» What you will do
Write back every line of the listing exactly, excluding images.

» Data section

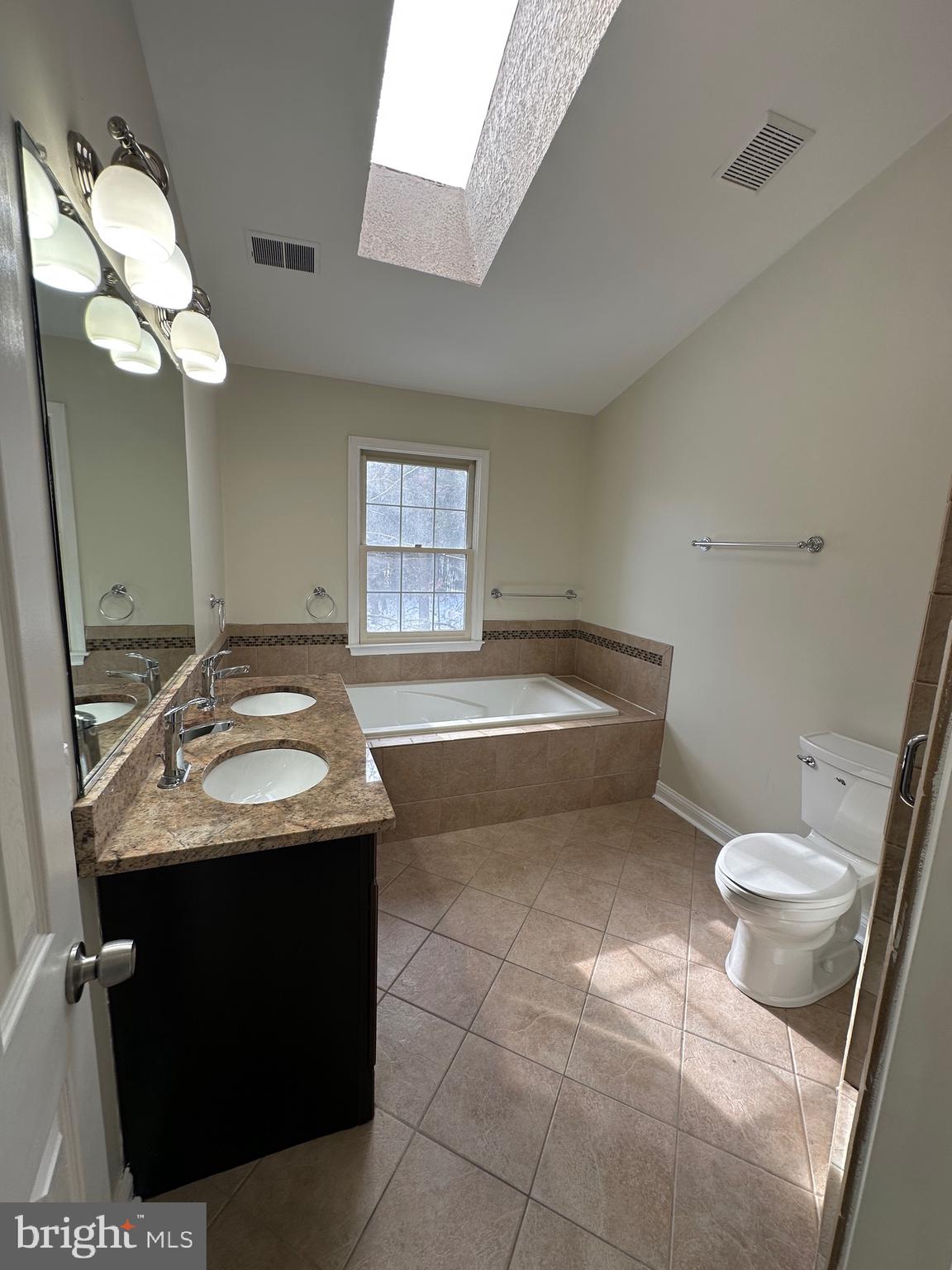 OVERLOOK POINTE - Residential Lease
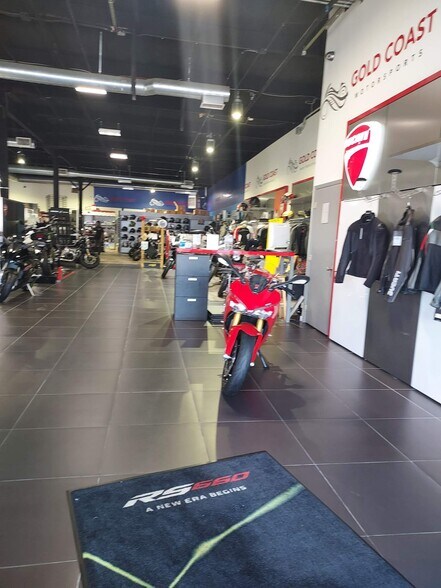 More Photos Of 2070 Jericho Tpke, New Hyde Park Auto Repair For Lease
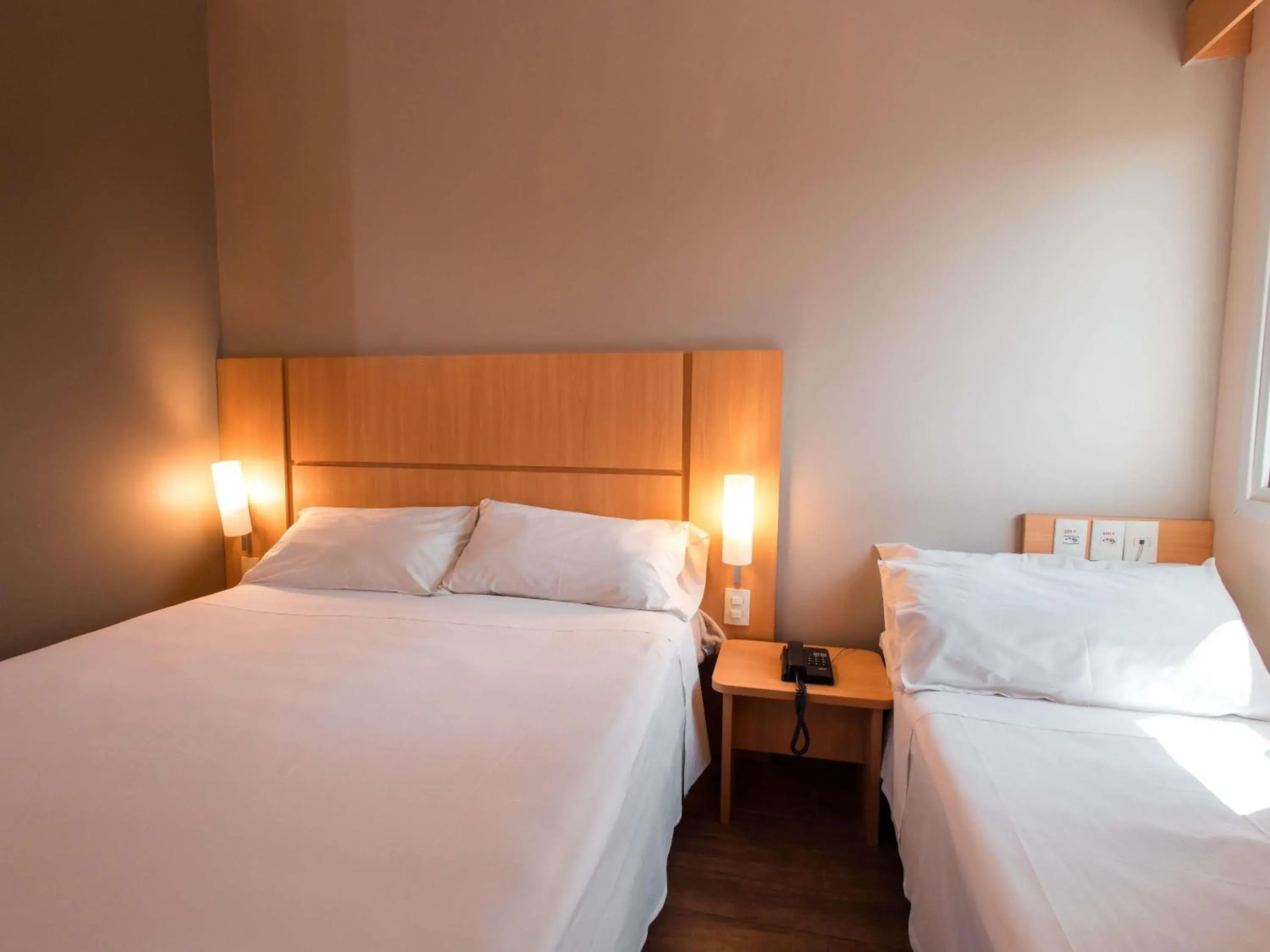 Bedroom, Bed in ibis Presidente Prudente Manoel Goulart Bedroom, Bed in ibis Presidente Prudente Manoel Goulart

» Written response
 OVERLOOK POINTE - Residential Lease
 More Photos Of 2070 Jericho Tpke, New Hyde Park Auto Repair For Lease
 Bedroom, Bed in ibis Presidente Prudente Manoel Goulart Bedroom, Bed in ibis Presidente Prudente Manoel Goulart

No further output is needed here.